— ENTRIES SHOWN —
====

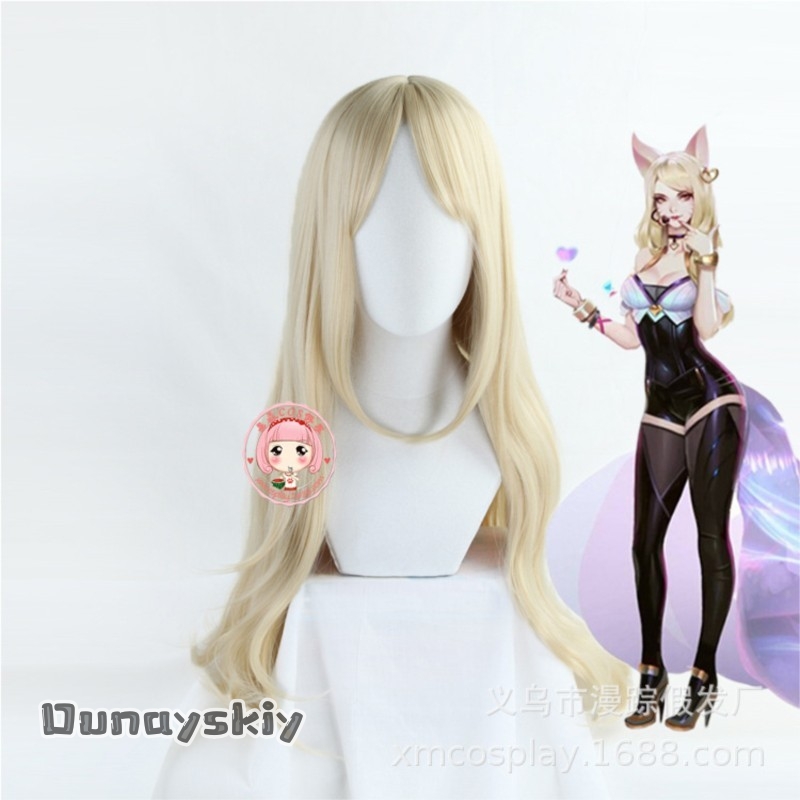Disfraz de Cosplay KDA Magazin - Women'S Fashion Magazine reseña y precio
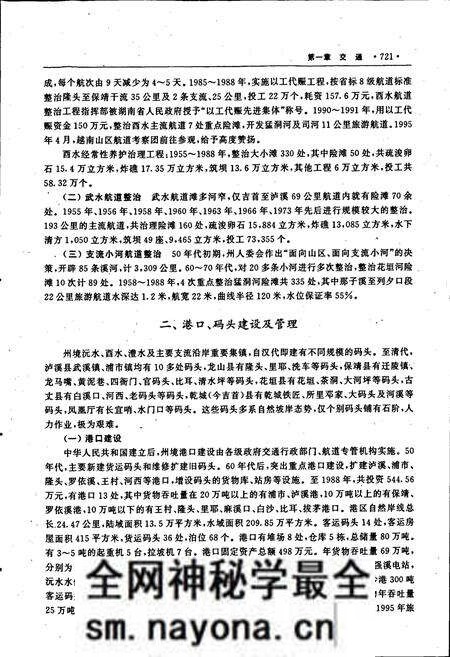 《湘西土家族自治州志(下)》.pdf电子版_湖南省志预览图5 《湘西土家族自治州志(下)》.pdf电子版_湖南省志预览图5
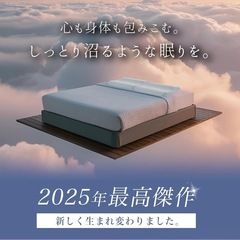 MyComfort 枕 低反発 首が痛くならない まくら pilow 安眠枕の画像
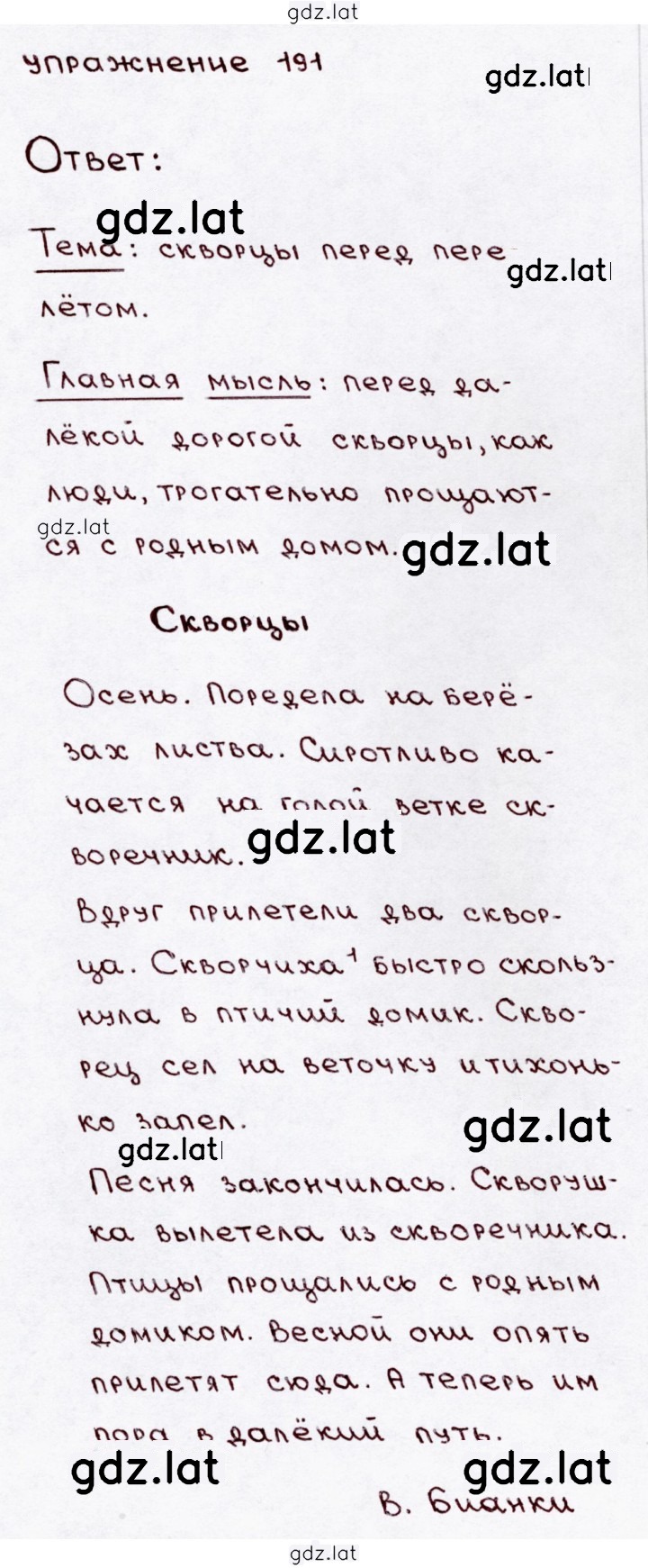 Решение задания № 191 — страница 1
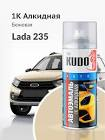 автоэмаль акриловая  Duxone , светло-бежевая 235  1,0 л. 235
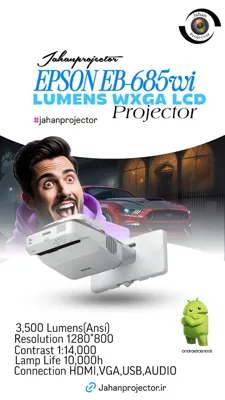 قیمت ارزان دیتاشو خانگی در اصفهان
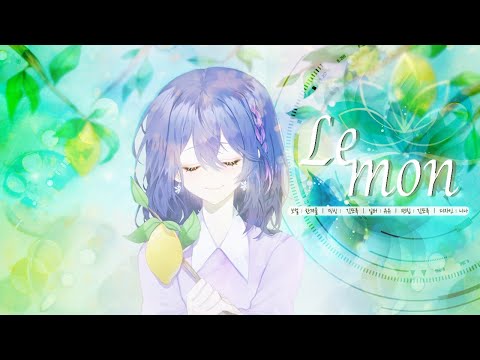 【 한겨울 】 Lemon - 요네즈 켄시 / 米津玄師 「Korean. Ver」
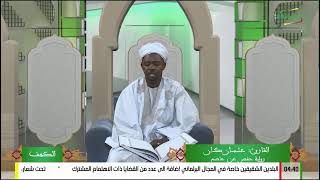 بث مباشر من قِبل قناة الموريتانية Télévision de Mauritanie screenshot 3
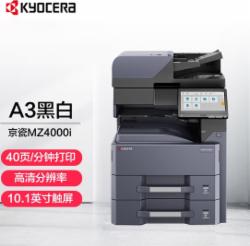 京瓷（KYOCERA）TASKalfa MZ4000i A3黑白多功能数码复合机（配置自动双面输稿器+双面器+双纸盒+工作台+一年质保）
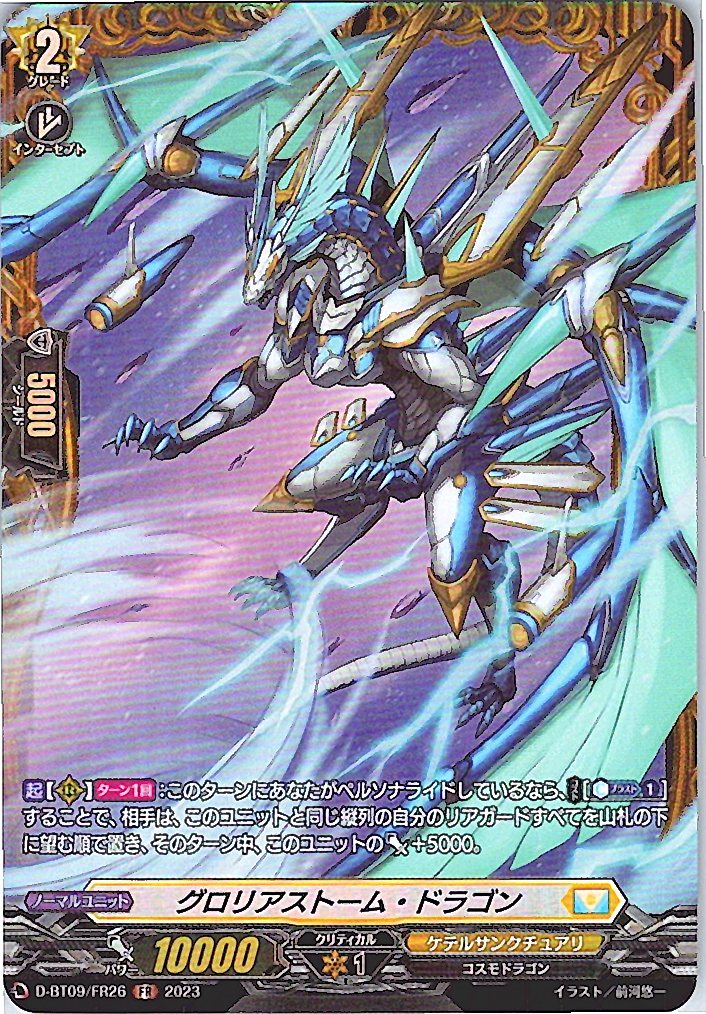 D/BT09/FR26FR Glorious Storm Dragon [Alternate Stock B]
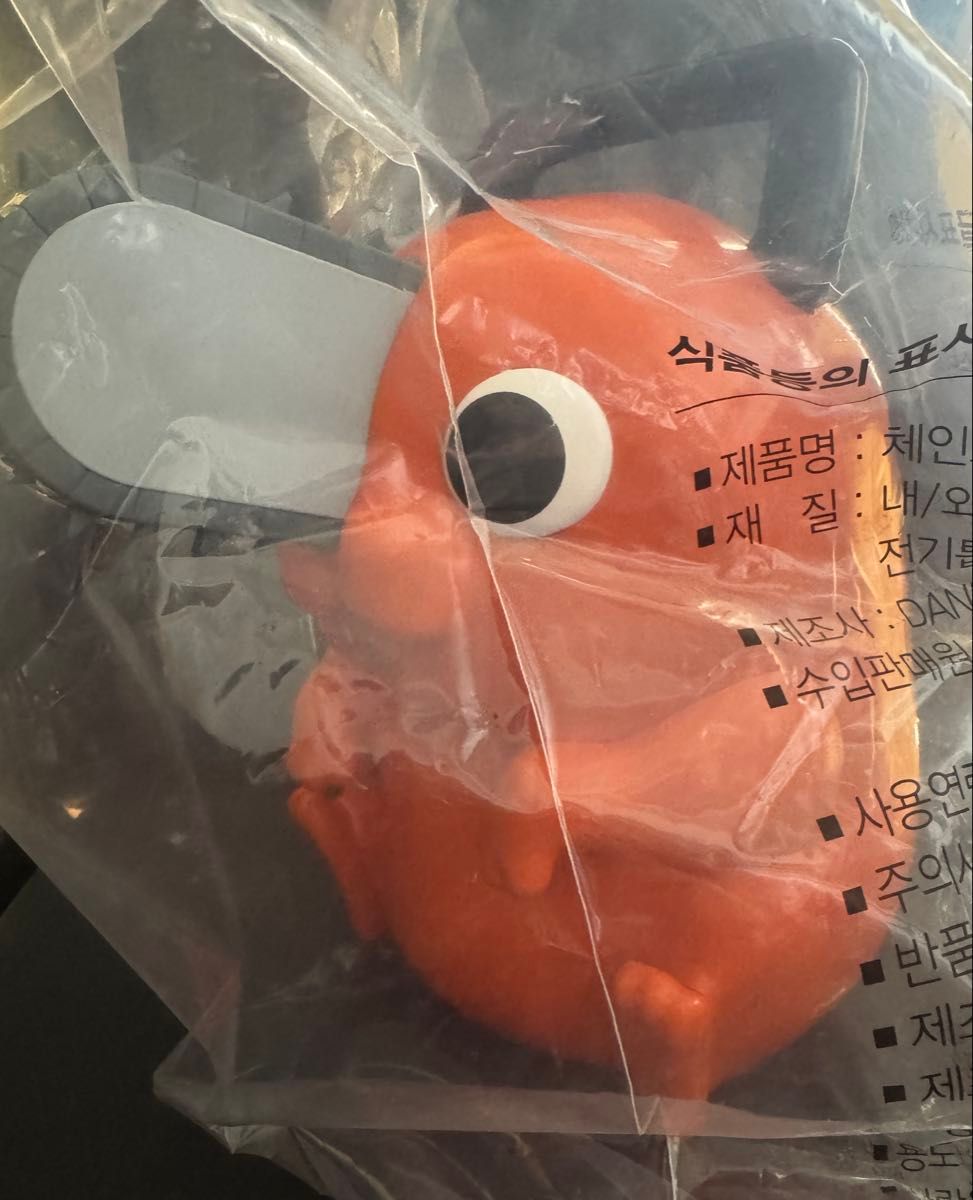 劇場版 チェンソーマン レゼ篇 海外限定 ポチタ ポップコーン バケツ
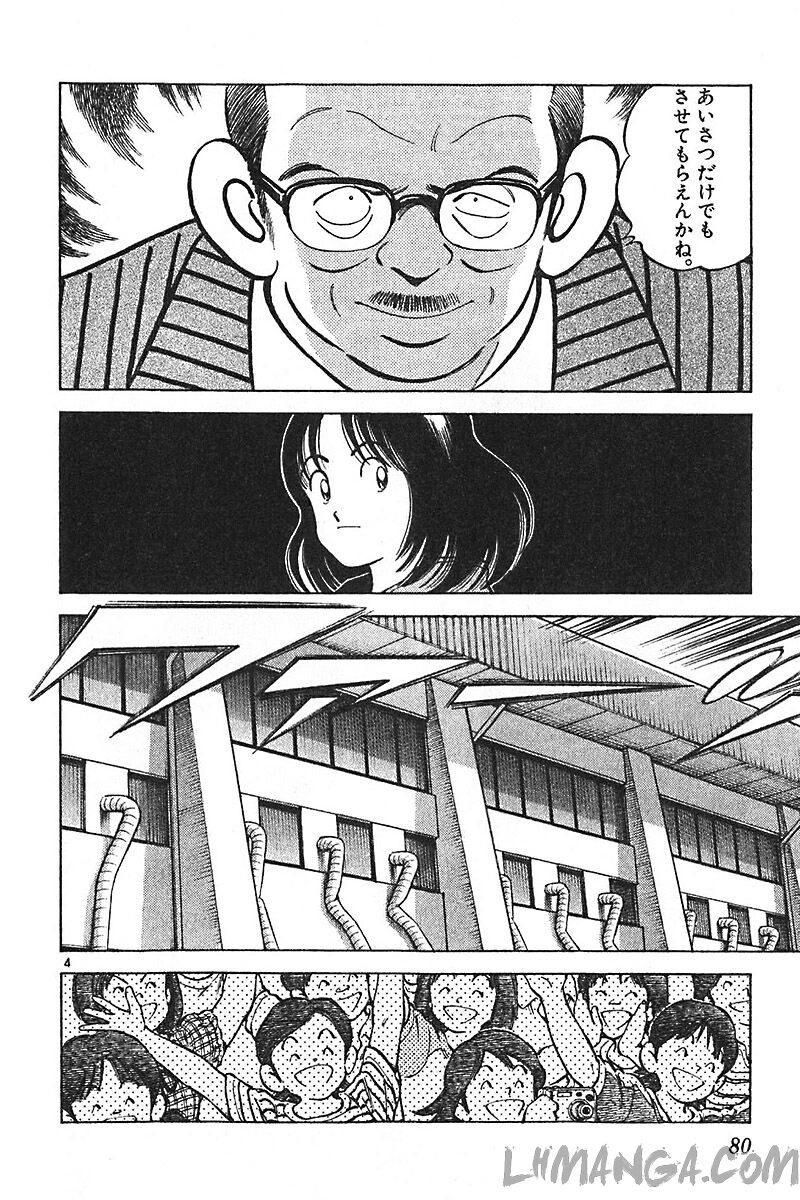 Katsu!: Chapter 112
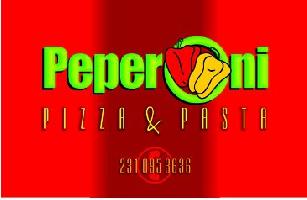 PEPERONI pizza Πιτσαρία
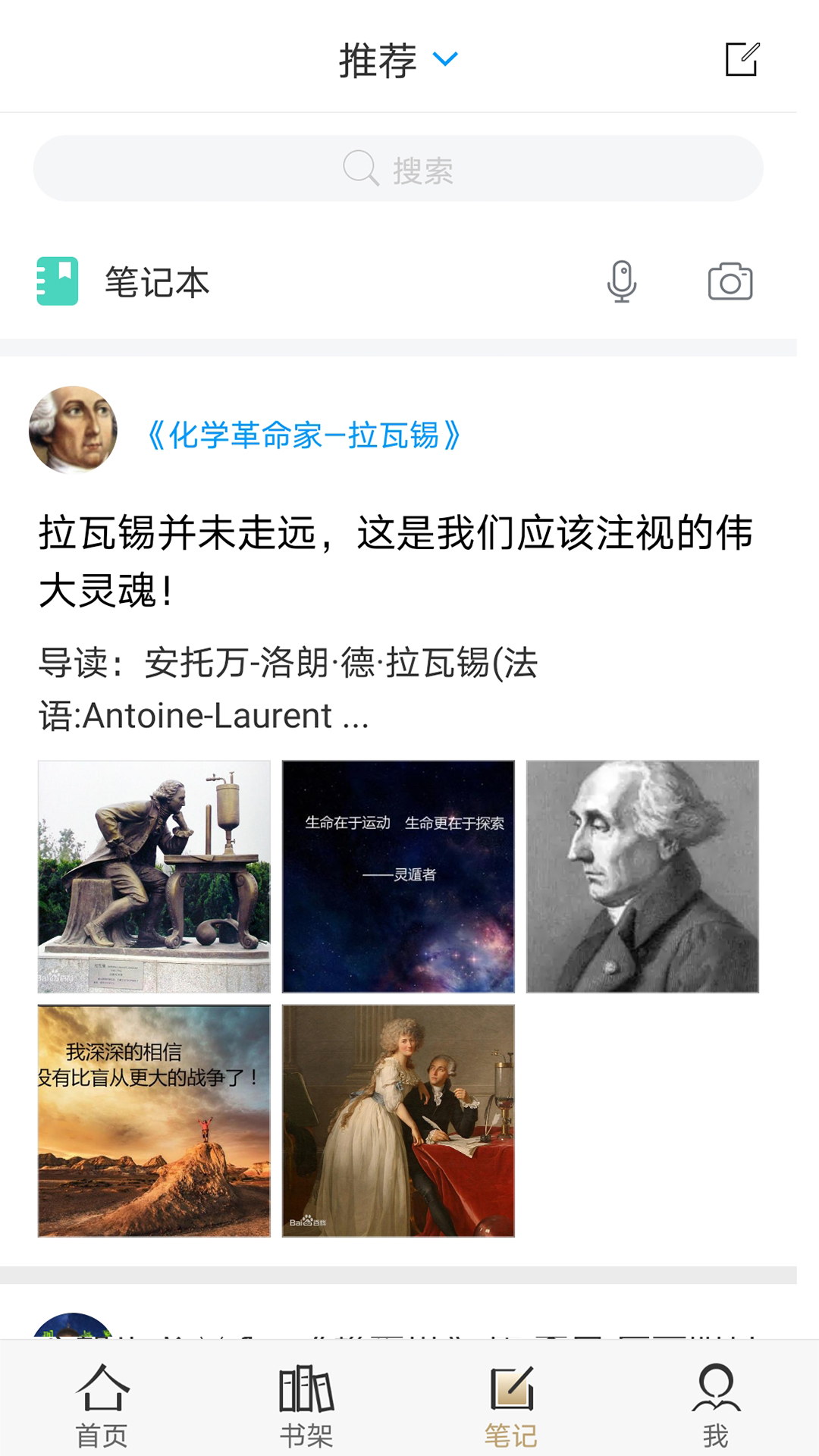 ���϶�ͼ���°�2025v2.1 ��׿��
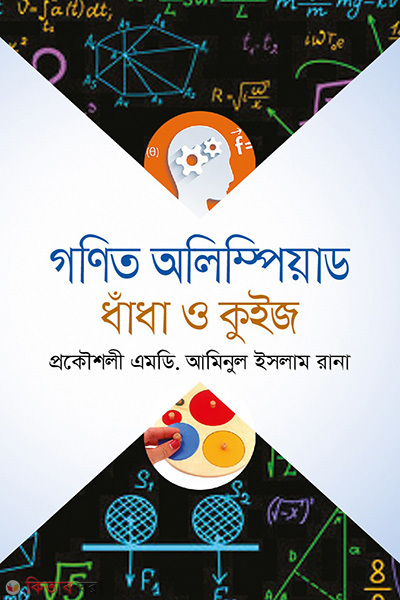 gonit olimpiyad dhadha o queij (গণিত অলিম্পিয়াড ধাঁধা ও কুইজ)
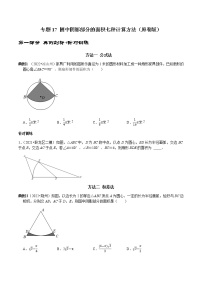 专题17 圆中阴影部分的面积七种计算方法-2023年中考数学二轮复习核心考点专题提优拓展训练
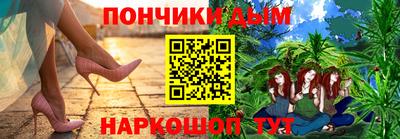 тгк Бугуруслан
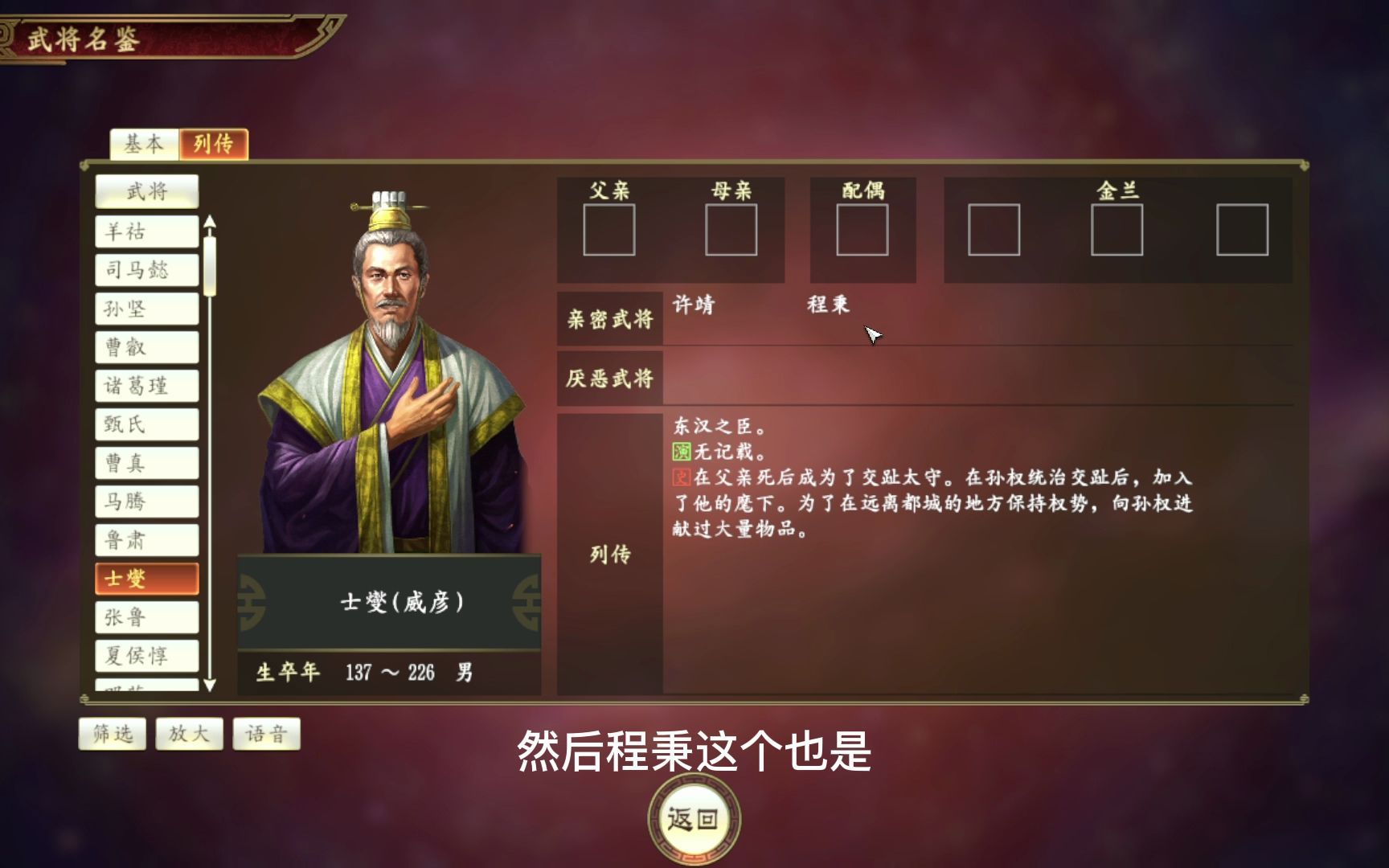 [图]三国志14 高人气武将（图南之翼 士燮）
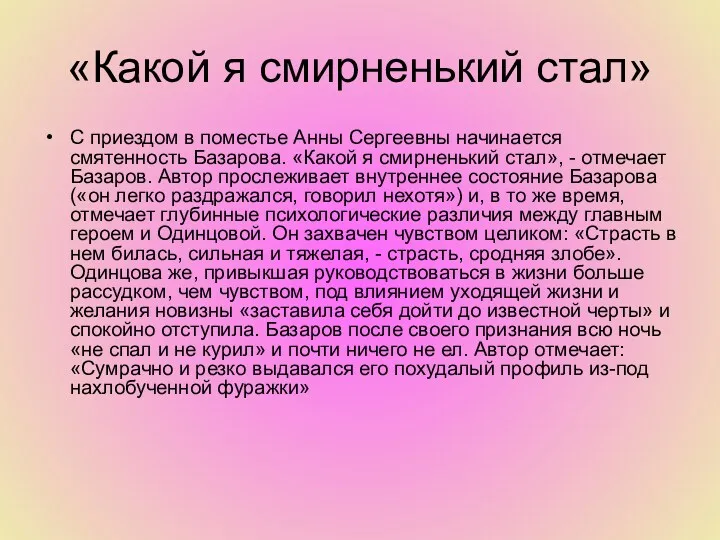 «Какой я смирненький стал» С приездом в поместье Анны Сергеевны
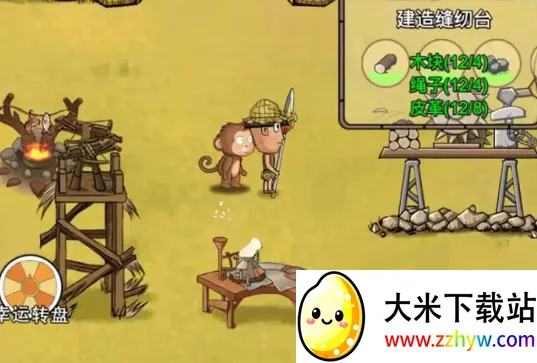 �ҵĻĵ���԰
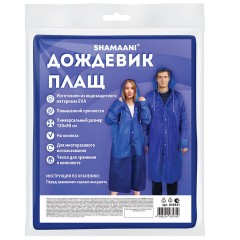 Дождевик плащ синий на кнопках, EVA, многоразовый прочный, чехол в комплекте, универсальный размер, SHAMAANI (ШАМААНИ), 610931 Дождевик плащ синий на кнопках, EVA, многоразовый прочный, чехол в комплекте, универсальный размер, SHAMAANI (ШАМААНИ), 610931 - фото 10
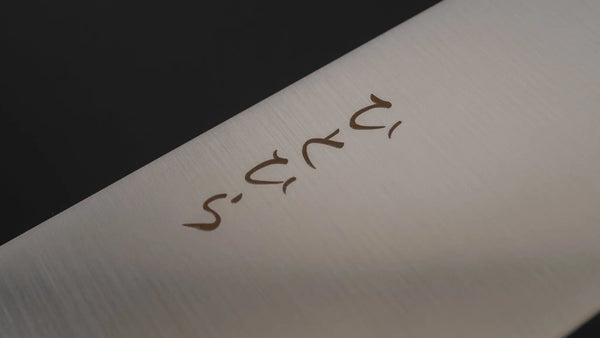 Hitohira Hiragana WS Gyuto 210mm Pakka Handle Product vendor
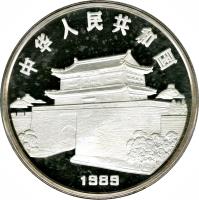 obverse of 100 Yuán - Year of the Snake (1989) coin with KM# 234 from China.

====

— EXERCISE AIM —
Your answer must be an exact copy of the lines above, from the line that contains "[图]三国志14 高人气武将（图南之翼 士燮）" through the final line, with no pictures in it.

— EXERCISE RESPONSE —
 [图]三国志14 高人气武将（图南之翼 士燮）
 «Какой я смирненький стал» С приездом в поместье Анны Сергеевны
 �ҵĻĵ���԰
 Дождевик плащ синий на кнопках, EVA, многоразовый прочный, чехол в комплекте, универсальный размер, SHAMAANI (ШАМААНИ), 610931 Дождевик плащ синий на кнопках, EVA, многоразовый прочный, чехол в комплекте, универсальный размер, SHAMAANI (ШАМААНИ), 610931 - фото 10
 Hitohira Hiragana WS Gyuto 210mm Pakka Handle Product vendor
 obverse of 100 Yuán - Year of the Snake (1989) coin with KM# 234 from China.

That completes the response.